■ **Aim of the task**
Nothing is needed except the lines below that run from the one with "Silk Men's Bowtie Set" through the one with "Zero Gravity - Samsung", repeated exactly.

Records contained in a dataset
**********
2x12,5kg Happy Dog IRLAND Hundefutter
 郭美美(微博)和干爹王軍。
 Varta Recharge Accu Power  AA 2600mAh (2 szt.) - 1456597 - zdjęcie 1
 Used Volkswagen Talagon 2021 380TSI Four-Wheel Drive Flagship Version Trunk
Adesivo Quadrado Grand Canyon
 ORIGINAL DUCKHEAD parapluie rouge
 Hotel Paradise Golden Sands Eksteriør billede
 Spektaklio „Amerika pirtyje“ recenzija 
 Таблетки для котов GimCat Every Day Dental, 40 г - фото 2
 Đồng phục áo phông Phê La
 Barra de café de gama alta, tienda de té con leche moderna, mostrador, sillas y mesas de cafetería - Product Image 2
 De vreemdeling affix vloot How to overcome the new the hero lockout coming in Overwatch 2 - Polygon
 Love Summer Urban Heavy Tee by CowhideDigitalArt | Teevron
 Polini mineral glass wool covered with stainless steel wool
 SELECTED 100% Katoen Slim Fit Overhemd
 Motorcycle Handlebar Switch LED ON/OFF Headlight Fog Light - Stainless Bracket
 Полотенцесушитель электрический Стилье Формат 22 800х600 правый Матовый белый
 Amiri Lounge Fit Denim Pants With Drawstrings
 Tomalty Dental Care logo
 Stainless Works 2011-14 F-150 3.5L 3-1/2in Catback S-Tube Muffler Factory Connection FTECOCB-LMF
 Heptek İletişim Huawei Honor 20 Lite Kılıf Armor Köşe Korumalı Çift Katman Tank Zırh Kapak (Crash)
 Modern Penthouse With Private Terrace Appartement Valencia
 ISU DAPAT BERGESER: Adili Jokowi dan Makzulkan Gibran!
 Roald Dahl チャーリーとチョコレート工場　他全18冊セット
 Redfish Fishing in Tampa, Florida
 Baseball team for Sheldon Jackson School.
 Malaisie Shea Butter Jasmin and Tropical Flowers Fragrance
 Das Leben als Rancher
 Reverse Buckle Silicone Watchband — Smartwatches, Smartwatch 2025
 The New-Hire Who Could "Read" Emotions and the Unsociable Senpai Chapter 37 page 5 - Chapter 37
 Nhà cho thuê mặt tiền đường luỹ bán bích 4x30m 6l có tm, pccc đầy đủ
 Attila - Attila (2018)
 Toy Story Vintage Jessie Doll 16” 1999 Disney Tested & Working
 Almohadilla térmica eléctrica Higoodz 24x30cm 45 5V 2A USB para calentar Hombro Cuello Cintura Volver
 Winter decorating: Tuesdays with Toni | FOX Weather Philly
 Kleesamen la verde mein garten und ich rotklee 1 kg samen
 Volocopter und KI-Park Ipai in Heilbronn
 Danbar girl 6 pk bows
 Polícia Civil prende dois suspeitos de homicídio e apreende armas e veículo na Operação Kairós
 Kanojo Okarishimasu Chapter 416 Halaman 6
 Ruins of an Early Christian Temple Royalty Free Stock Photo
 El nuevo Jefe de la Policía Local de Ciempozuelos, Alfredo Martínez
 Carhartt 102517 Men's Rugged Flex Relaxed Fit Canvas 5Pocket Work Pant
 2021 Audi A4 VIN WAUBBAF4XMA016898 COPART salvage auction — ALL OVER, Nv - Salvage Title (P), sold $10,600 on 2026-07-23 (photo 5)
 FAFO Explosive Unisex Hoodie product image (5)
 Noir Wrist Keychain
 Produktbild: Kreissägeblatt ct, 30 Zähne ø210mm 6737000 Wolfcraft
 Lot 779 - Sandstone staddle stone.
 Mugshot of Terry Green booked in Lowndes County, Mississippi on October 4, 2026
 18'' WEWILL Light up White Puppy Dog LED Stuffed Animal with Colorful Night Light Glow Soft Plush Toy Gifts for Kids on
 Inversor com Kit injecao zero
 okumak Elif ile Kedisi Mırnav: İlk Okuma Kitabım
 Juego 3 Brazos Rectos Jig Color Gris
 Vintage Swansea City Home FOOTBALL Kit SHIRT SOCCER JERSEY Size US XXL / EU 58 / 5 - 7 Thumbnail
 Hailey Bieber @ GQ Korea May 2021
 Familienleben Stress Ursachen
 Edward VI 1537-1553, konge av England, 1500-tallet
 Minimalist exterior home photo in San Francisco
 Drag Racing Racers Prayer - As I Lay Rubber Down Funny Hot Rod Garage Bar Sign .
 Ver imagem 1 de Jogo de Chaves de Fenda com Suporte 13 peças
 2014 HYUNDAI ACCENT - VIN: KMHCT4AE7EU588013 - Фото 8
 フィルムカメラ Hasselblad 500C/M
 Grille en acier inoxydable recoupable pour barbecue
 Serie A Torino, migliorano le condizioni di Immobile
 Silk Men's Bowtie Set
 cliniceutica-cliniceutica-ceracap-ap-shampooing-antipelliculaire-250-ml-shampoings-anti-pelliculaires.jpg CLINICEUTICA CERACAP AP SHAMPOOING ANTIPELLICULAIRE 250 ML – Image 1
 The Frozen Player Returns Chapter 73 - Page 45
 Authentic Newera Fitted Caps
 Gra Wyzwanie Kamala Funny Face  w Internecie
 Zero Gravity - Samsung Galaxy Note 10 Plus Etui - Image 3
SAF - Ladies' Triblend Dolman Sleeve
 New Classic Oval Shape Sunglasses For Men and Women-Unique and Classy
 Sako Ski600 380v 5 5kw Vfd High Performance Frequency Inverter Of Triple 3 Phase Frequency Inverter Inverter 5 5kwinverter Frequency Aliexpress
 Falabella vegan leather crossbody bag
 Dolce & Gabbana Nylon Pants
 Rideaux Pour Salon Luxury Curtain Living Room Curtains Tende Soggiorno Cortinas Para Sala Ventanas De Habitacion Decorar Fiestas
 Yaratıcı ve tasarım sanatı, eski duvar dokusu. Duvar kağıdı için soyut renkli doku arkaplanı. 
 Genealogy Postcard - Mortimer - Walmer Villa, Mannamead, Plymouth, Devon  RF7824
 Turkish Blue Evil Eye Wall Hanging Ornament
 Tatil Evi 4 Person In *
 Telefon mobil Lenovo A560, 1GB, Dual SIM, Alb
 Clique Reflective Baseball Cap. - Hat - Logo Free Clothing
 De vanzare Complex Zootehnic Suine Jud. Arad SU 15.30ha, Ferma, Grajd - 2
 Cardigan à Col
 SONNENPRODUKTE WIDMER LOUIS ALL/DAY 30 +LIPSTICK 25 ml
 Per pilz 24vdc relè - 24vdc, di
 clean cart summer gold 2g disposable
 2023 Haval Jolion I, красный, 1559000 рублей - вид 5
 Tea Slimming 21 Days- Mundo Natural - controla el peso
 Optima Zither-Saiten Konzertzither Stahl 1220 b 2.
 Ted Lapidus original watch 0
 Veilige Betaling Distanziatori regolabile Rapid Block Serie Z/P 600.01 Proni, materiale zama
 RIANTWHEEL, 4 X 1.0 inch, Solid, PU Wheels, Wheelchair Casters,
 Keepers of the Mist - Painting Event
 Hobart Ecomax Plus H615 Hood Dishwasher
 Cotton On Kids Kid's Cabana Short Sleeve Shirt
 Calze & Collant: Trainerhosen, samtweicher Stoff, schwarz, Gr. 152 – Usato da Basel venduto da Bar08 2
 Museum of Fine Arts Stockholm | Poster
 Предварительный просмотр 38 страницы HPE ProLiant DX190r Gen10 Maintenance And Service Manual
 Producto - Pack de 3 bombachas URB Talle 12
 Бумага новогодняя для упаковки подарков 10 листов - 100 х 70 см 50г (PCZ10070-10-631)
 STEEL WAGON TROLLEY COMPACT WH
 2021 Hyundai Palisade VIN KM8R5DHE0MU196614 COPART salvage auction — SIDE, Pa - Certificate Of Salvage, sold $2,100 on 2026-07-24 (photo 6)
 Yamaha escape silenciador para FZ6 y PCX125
**********
■ **Reply**
 Silk Men's Bowtie Set
 cliniceutica-cliniceutica-ceracap-ap-shampooing-antipelliculaire-250-ml-shampoings-anti-pelliculaires.jpg CLINICEUTICA CERACAP AP SHAMPOOING ANTIPELLICULAIRE 250 ML – Image 1
 The Frozen Player Returns Chapter 73 - Page 45
 Authentic Newera Fitted Caps
 Gra Wyzwanie Kamala Funny Face  w Internecie
 Zero Gravity - Samsung Galaxy Note 10 Plus Etui - Image 3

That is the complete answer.